Today’s Drink of the Day is the Aviation cocktail. That’s because August 19 just so happens to be Orville Wright’s birthday. Naturally, it’s also National Aviation Day. The holiday was established in 1939 by Franklin Delano Roosevelt, but we’ve already spoken of FDR’s greatness on March 22, the anniversary of the day that he inflicted a fatal blow against Prohibition. At that time we explored his somewhat misbegotten versions of the martini.
The Wright Brothers
So today we’ll turn to Orville and his brother Wilbur. We all know these two as the inventors of the first heavier-than-air flying machine. Maybe Orville gets more credit because due to a coin toss he was the first airborne, but Wilbur was actually part of the whole process. These two brothers, you see, were tinkerers to the core. They shared a passion for a new craze – bicycles – and opened their own shop. They also followed the research of Otto Lilienthal, a German working on his own flight experiments. But when Otto somehow unceremoniously turned the glider he was flying into a lawn dart the Wright brothers decided they would be better off developing their own design.

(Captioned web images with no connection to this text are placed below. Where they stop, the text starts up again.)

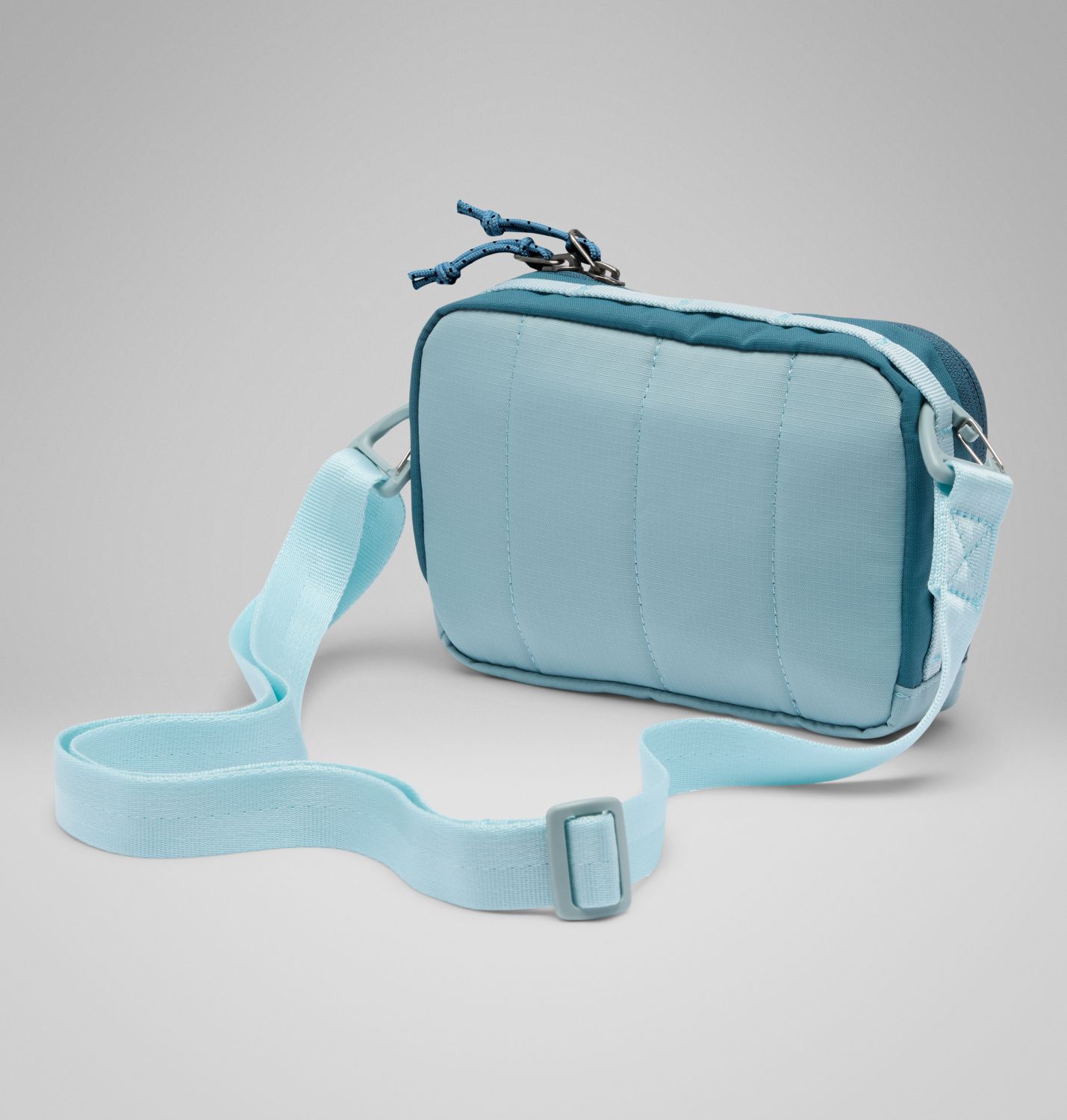 Columbia Trail Traveler Bag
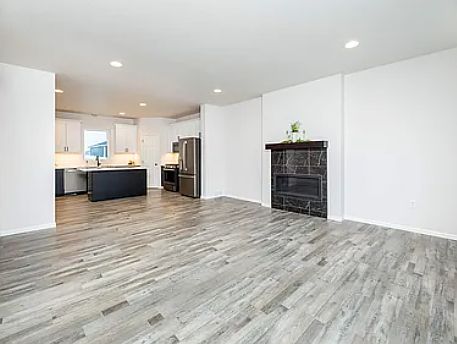 3rd image of 1036 50th Ave W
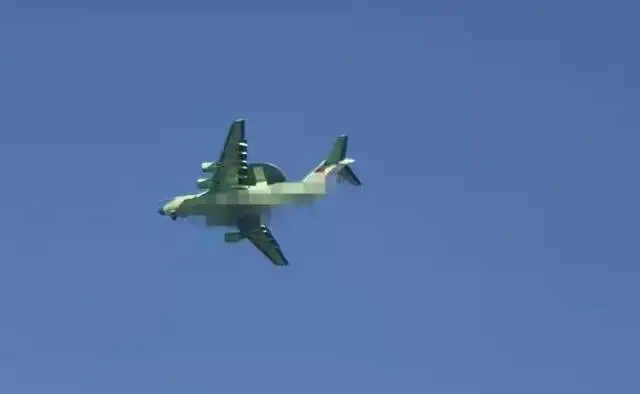 空警-3000機頭部位伸出受油桿 截自騰訊網「海事先鋒」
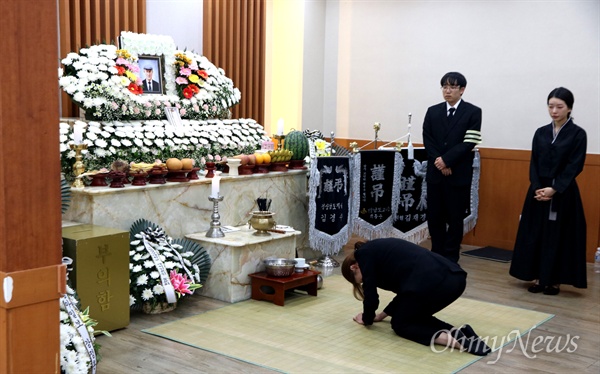 진주 경상대병원 장례식장에 마련된 고 박노정 시인의 빈소.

In working on this they noticed that birds angled their wings for balance and control, and in turn they developed the concept of “wing warping.” When they added a moveable rudder they found they had the magic formula. They even filed a patent on three-axis control, which is the defining characteristic of controlling an airplane. You know the rest, so let’s turn toward the Drink of the Day.
The Aviation Cocktail
Fortunately for us there is an eminently appropriate cocktail for National Aviation Day and its name just so happens to be the Aviation cocktail. That’s our Drink of the Day. Hugo R. Ensslin was the head bartender at the Wallick hotel in New York and he first published the recipe in his 1916 book Recipes for Mixed Drinks. Presumably the color of the drink reminds one of the slightly lavender color near the horizon shortly before sunrise.
Before we get to the recipe itself, you do of course remember our visit with Mr. Potato Head on his birthday, May 1. With that in mind when we note that the ingredients of an Aviation include a base spirit, a sour element and a sweetener you immediately recognize it as a variation on a classic sour. Same family as a whiskey sour (whiskey, lemon juice, sugar), a daiquiri (rum, lime juice, sugar), a margarita (tequila, lime juice, triple sec) or a Sidecar (cognac, lemon, Cointreau). As Mr. Potato Head noted, most great cocktail recipes are just a variation on a theme. By the way, if you don’t have any Creme de Violette liqueur around you might want to try the very similar Casino cocktail.
And the Aviation is just a variation on a gin sour. Here’s how you do it:
- Nick and Nora or coupe glass
- 1.5 oz Gin the spirit
- ½ oz Lemon juice the sour
- ½ Luxardo Maraschino liqueur sweetener
- ¼ oz Crème de Violette liqueur sweetener
- Garnish: cherry
- Shake with ice, strain into your Nick and Nora or coupe glass.